For Mother’s Day, an acknowledgement of all the absurd, silly, wondrous situations our pre-mom selves could have never imagined us embracing

Nacho, a bearded dragon belonging to Vargas's son, enjoys spending time outside. (Theresa Vargas/The Washington Post)
6 min

I was sitting in a beautiful hotel room in a country filled with picturesque volcanoes, lakes and beaches, and all I could think about was the lizard on the ceiling.

It lurked in a corner. Lizards don’t lurk, you might be thinking. But this one did, at least in my mind. It stood about five feet from where the ceiling covered the bed, and while logic (and my future husband) told me it probably just wanted to hang out in the corner all night in hopes that a snack might fly by, a voice in my head warned me otherwise. It told me that lizard was just waiting for us to turn off the light and close our eyes before it walked over, took a leap and plopped down on my sleeping head.

That’s what irrational fears do to us. They make us play out worst-case scenarios in movie-quality detail until they feel probable.

I slept that night cocooned in a sheet from head to toe.

I’m not proud that lizards used to terrify me. But in my defense, I am drawn to the same temperatures as those long-tailed creatures and during my travels, I have been surprised in the worst ways by more than a few.

Once, I opened a box of cereal and found one sitting inside the bag, alive. Another time, I pulled up the lid of a toilet seat and found one looking up at me. (I will forever be grateful that I turned on the bathroom light that night). The most disgusting and unfortunate (for the lizard) encounter came on a day when my husband offered to make me toast. The smell of smoke told us breakfast was ruined before two pieces of bread popped up, with a cooked lizard attached.

But you wouldn’t have suspected any of that — that I had long feared lizards or that my nerves had been tested by bold ones — if you had seen me walking through my neighborhood on a recent afternoon. In my hand, I held a leash, which led to a harness that wrapped around the tiny, scaly chest of a bearded dragon that sat on my shoulder.

If you’ve never heard of bearded dragons, all you need to know is they are lizards that are native to Australia, and as their name suggests, they have a “beard” of spikes that puff out when they feel stressed, threatened or flirtatious.

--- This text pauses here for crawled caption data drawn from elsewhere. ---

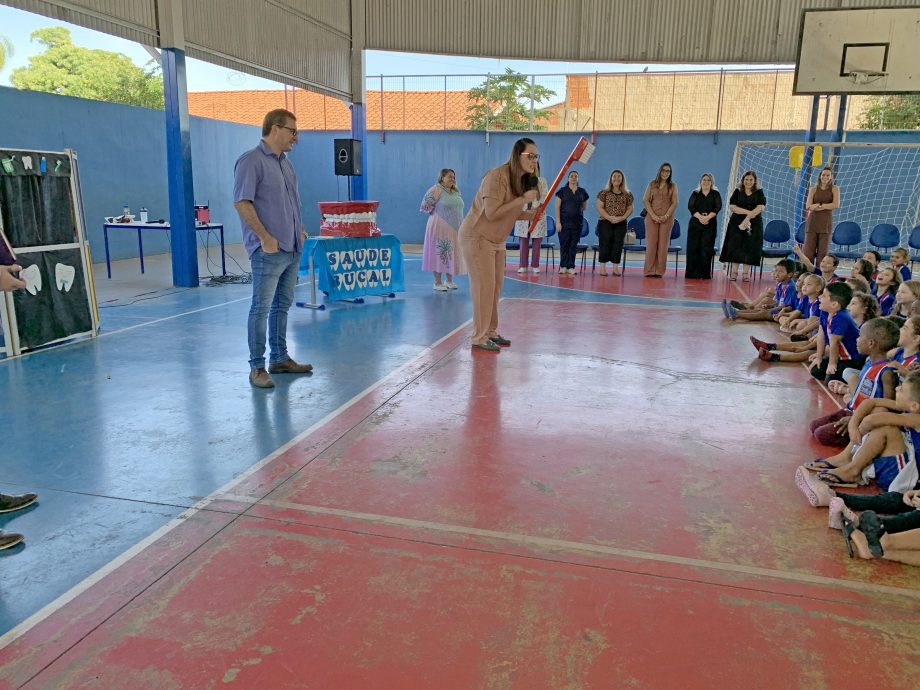 SMS realiza 1ª ação de Educação em Saúde Bucal na Escola Ramez Tebet SMS realiza 1ª ação de Educação em Saúde Bucal na Escola Ramez Tebet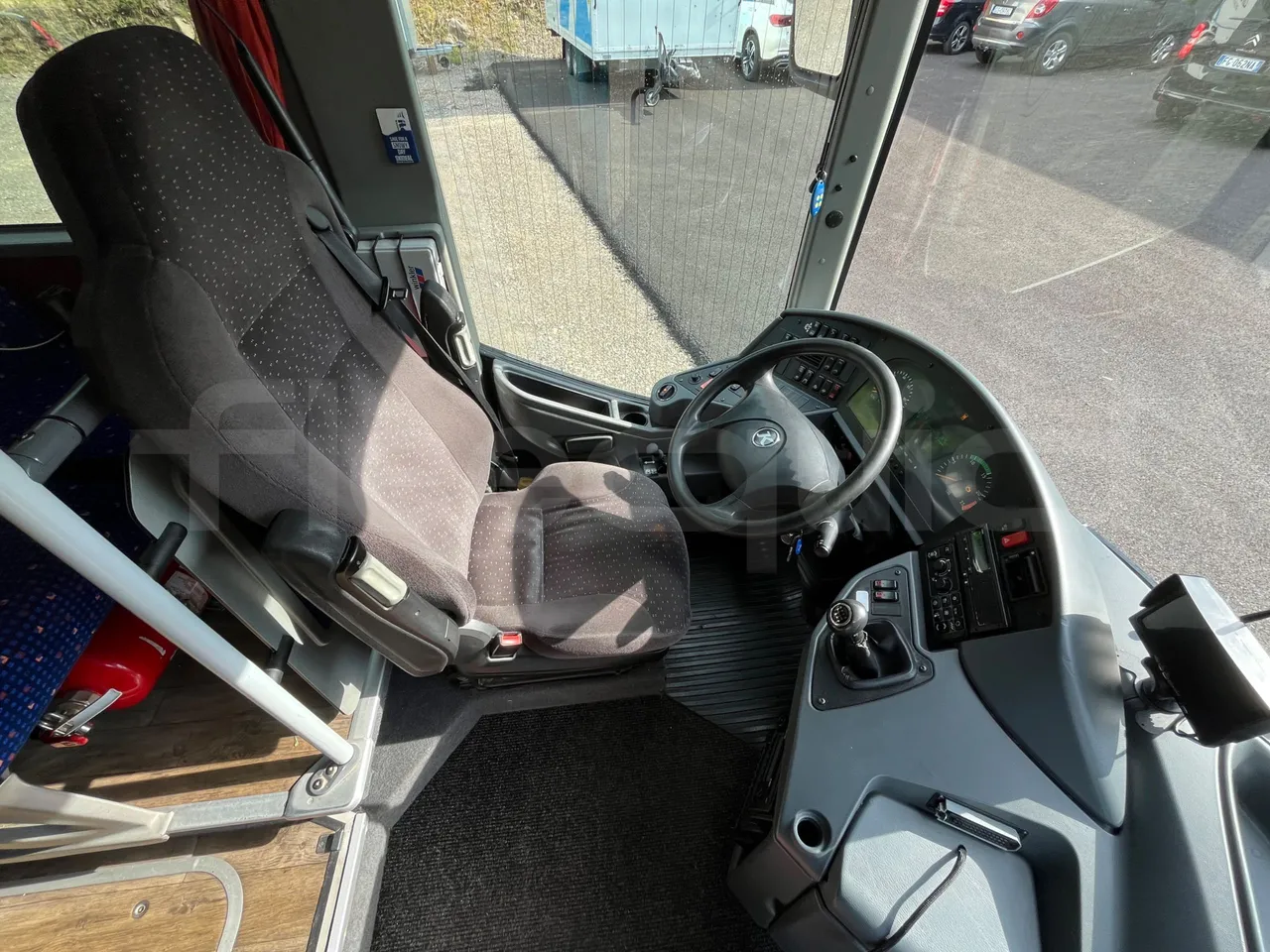 Setra S415 S415 H/ Euro 6 - 265 Kw - 12,260 Mt - driver's seat photo (mandatory for bus to scrap)
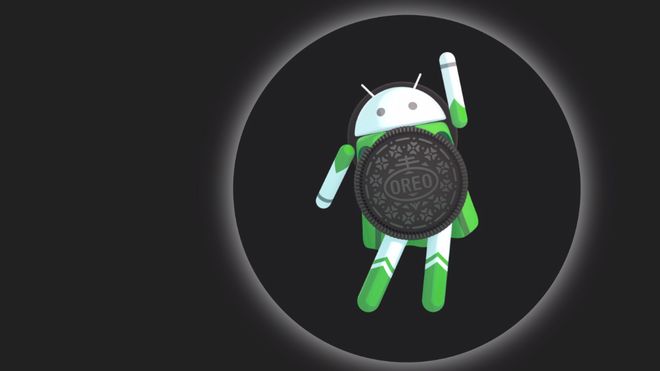 Android 8.0 Oreo-figuren i solformørkelsesmodus.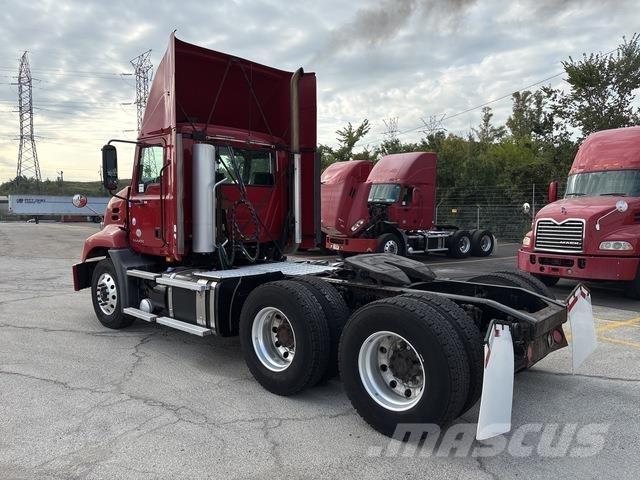Mack CXU613 Tegljači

The bearded dragon I held that day is named “Nacho,” and he is my 10-year-old son’s months-old, much-loved pet.

A dying fish, a beloved dog and a parenting lesson, of sorts

Before this year, I never imagined that I would voluntarily hold a lizard, let alone take one for a walk. But that’s what motherhood does to you. It changes you in ways that go beyond the stretch marks and C-section scars. It makes you fearless when it comes to things that once terrified you and terrified of things you didn’t know to fear.

It also makes you do ridiculous things that your pre-mom self would have definitely responded to with “Nope.”

On Mother’s Day, we often focus on the heartwarming and hard parts of motherhood. Those are important to acknowledge. I have shared in earlier columns the struggles my own mom faced and how my “almost daughter” made me a mother before I had two boys. She did, and I always think of her at this time of year. She stopped growing inside me too soon to survive but long enough to make me realize what it meant to be a mom and how hard Mother’s Day is for so many people.

For Mother’s Day, a remembrance of my almost daughter.

To honor motherhood, it’s important we talk about all of that. The losses. The frustration. The exhaustion. The fear. The doubts. The wins. The sweet homemade cards.

But this is not a column about those things. It is a nod to the weird parts of motherhood. It is an acknowledgment of all the absurd, silly, wondrous situations our pre-mom selves could have never imagined us embracing. It’s an excuse to laugh and marvel at the ways our kids have shoved us out of our comfort zones, sometimes screaming, and transformed us in the process.

What do you do now that would have surprised your pre-mom self?

“Excuse me while I walk my dragon,” is not something I would have ever imagined myself saying before I had kids.

My older son has loved creepy crawly creatures since he was an infant, and as soon as we noticed his fascination with bugs and reptiles, I made a conscious decision to not transfer my irrational fears to him. I knew he would have enough real things to fear. When he showed a fascination with cicadas, I bought him books about them. When he started caring about spiders, I stopped killing them. I also took him to the Smithsonian’s National Museum of Natural History to hold their bugs.

So, when he started asking for a bearded dragon about three years ago, I didn’t discourage him. Not outright. I made him do research on them to make sure he knew what he was asking for. I wanted him to learn about their diet, how big they can grow (the size of a small dog) and what cleaning up after them involved (cause there was no way I was going to wipe up the digested aftermath of crickets and mealworms).

Then I waited. I hoped his interest would wane. It had to eventually, I figured. But it didn’t.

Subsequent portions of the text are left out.